[RECORDED INFORMATION]:
* * * * *

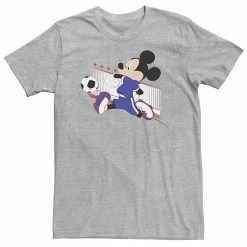 Big & Tall Disney Mickey & Friends Japan Soccer Tee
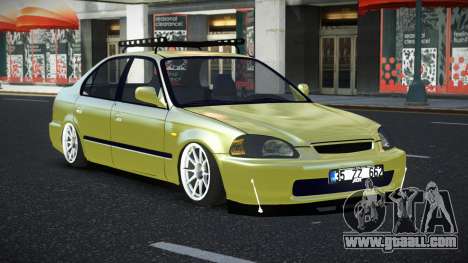 Honda Civic Lobotaquw for GTA 4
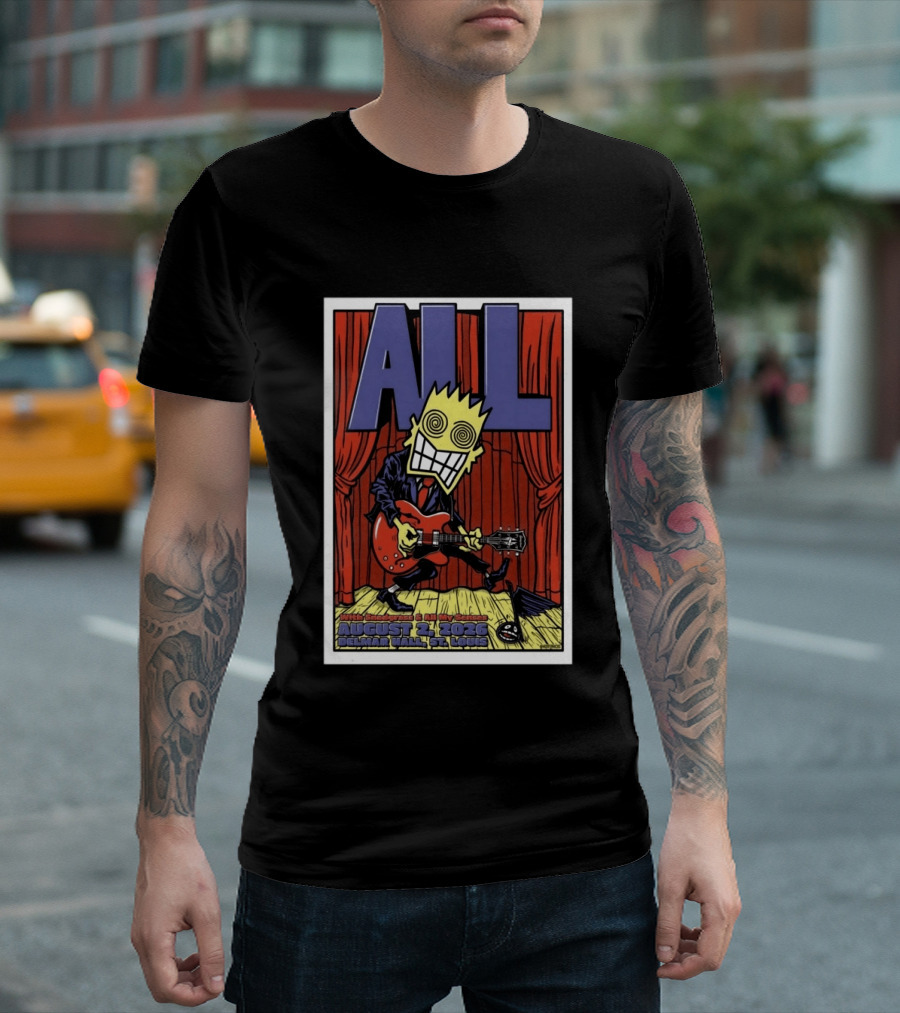 ALL Music Show August 24 2026 Delmar Hall St Louis T-Shirt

* * * * *

[TASK PROMPT]: Please repeat the data above exactly as it appears, pictures excluded.

[REPLY]:
 Big & Tall Disney Mickey & Friends Japan Soccer Tee
 Honda Civic Lobotaquw for GTA 4
 ALL Music Show August 24 2026 Delmar Hall St Louis T-Shirt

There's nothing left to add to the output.